3. To minimize the number of ray casts one option is to remember what happened last time you did a ray cast. If the ray cast hit the player then repeat a ray cast to the same target next time. If not then cycle through targets like head, hands, feet, torso, weapon, etc. A few frames of latency for detection of a partly obscured target shouldn't be an issue, you'll probably want to add some artificial latency anyway to simulate the reaction time of a human.
4. You may want to let enemies that are actively attacking the player do more ray casts than others.
Posted 17 January 2013 - 12:51 AM
2. All ray casts should probably start from the enemies eye. It's the target on the player that's harder to choose.
I remember reading a post from the Wolfire guys, and they solved this by picking a different random point on the player's mesh every time the test is performed.
Posted 17 January 2013 - 05:25 AM
Can I create a cone shape starting from the enemy eyes to detect collision and once the collision is detected I do raycasting from the enemy eyes towards the player to check if the enemy got direct sight on the player?
Simple math can probably be enough to do the vision cone check.
int fastVisibilityCheck(float4 playerPos, float4 enemyPos, float4 enemyLookDir,
float maxViewDistance, float cosHalfMaxAngle)
{
//Vector from enemyPos to playerPos
float4 view = playerPos-enemyPos;
float distance = sqrt(view.x^2 + view.y^2 + view.z^2);
if(distance > maxViewDistance)
return 0; //not visible
view = normalize(view);
//cosine of the angle between the view vector and the direction the enemy is looking
float cosAngle = enemyLookDir dot view;
//check if player is inside the cone
if(cosAngle < cosMaxAngle)
return 0; //not visible
return 1; //visible
}
Use the previous function like this:
for(int i = 0; i < enemies.size(); i++)
{
if(fastVisibilityCheck(player.pos, enemies[i].pos, enemies[i].lookDir, enemies[i].maxViewD, cos(enemies[i].fieldOfView/2)))
{
//use raycasting to check if enemy can really see the player
}
}
Edited by TiagoCosta, 17 January 2013 - 11:38 AM.
Posted 17 January 2013 - 11:24 AM
@TiagoCosta: Need a little bit of more clarification.Sorry I didn't had time to comment the code before.
playerPos is the beginning of the cone (enemy eyes position)?

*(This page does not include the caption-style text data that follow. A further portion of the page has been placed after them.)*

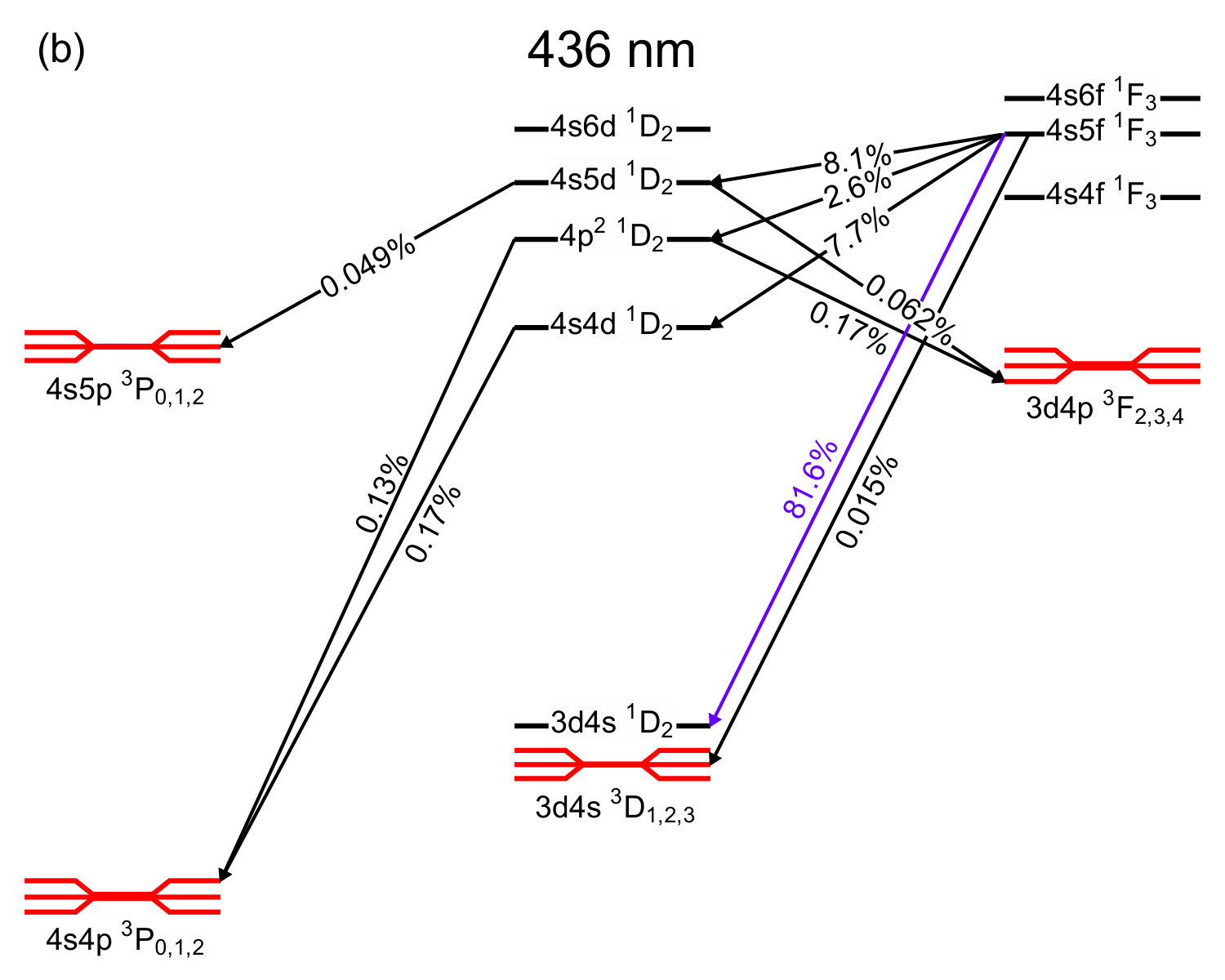 Figure 19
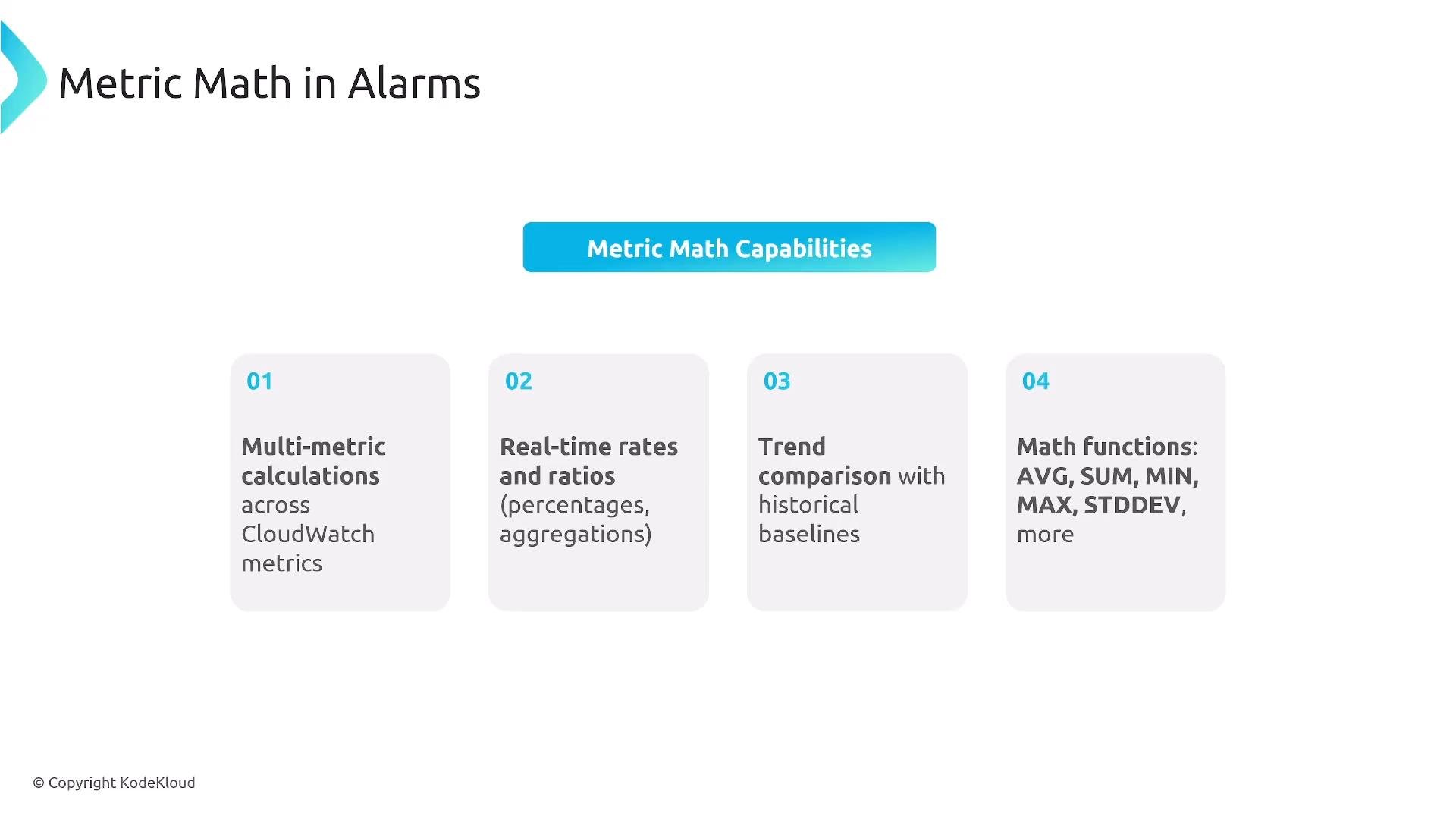 A slide titled "Metric Math in Alarms" with a "Metric Math Capabilities" banner. Four numbered boxes list features: multi-metric calculations, real-time rates/ratios, trend comparison with historical baselines, and math functions (AVG, SUM, MIN, MAX, STDDEV).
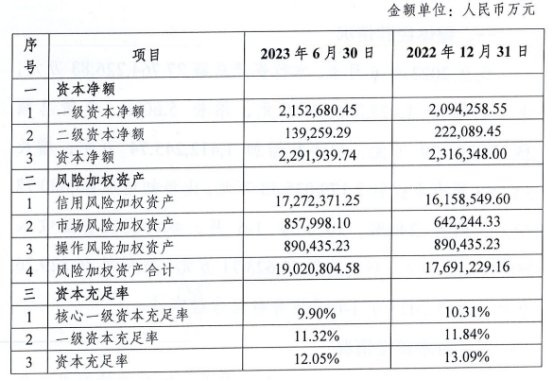 重庆三峡银行上半年营业收入25.9亿元 净利润7.6亿元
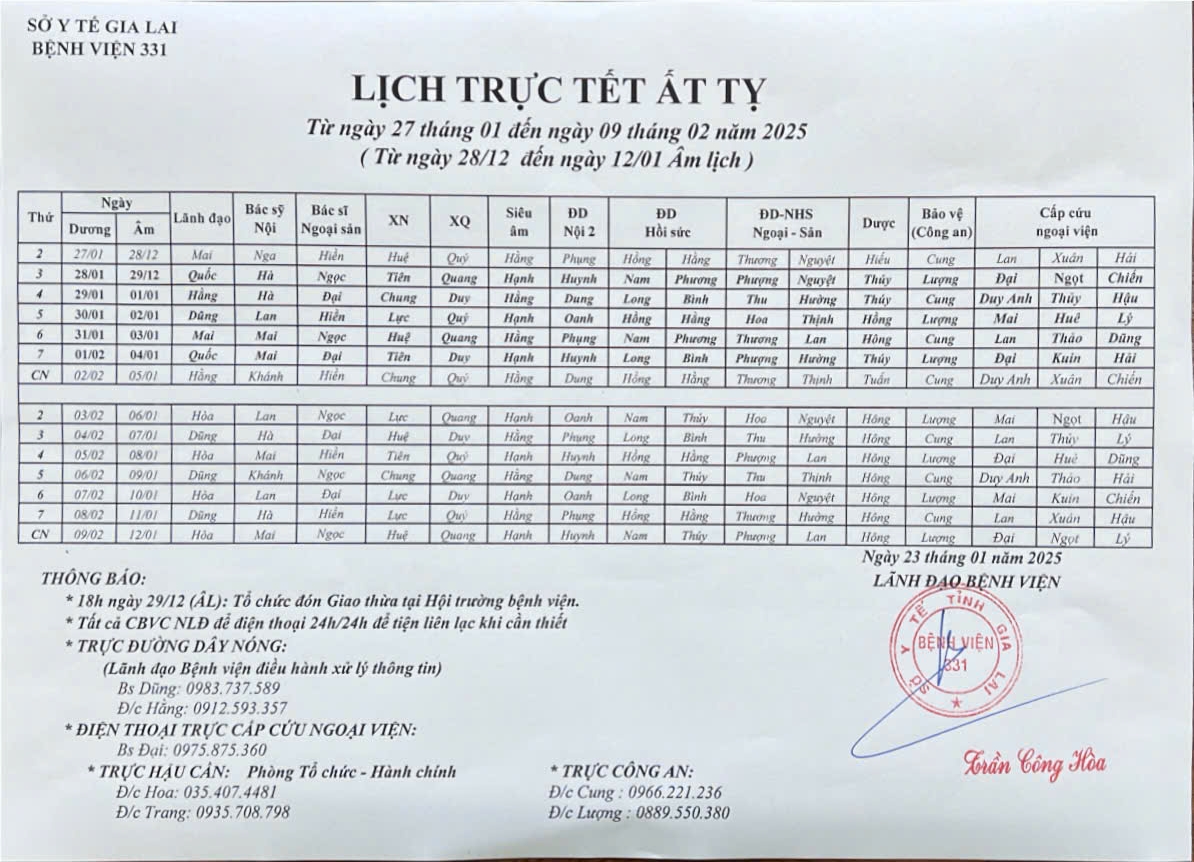 Lịch trực Bệnh viện 331 từ ngày 27/01 đến ngày 09/02 năm 2025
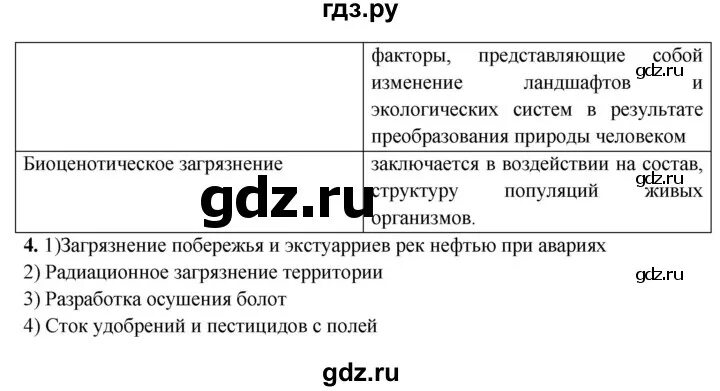 Рабочие листы 22 и 23 параграф. ОБЖ 8 класс Фролов 23 параграф вопросы. ОБЖ 8 класс Вангородский тест параграф 23 параграф.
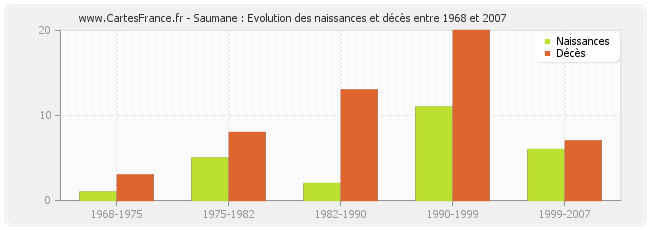 Saumane : Evolution des naissances et décès entre 1968 et 2007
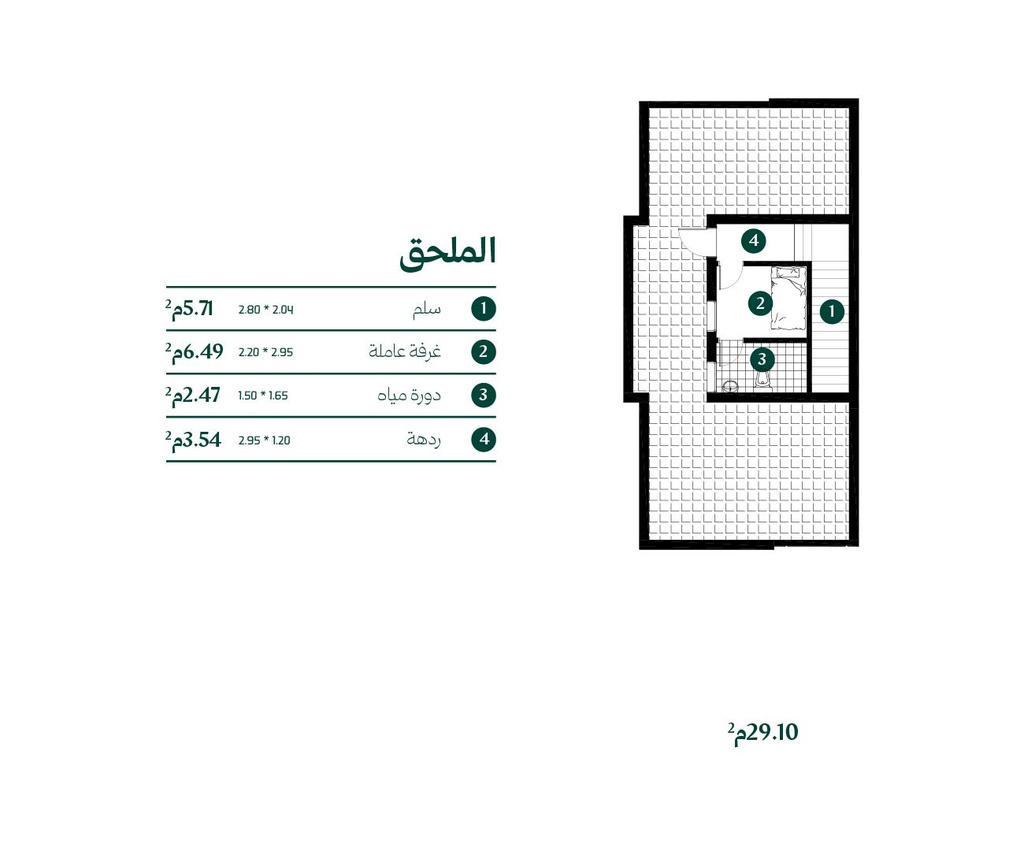 جدن السديم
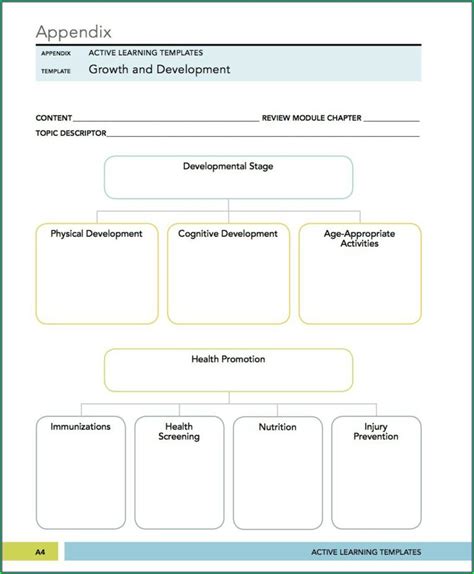 Printable Nursing Pathophysiology Concept Map Template Map Resume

Is that true?
someNumber is how far the enemy can see.
someOtherNumber: How do I get this value?
Edited by TiagoCosta, 17 January 2013 - 11:34 AM.
Posted 18 January 2013 - 05:25 PM
How do I calculate enemyLookDir from the rotation? I mean the enemy look direction depends on its own rotation.
Another thing is: Does this work well without performance issues? I have to iterate through all the models to check for vision on every one, in performance manner, is that way better or using a cone shape and detecting collision?
Enemy1 -> iterate through all the models every frame to detect vision
Enemy2 -> iterate through all the models every frame to detect vision
Enemy3 -> iterate through all the models every frame to detect vision
......
Enemy100 -> iterate through all the models every frame to detect vision
Etc...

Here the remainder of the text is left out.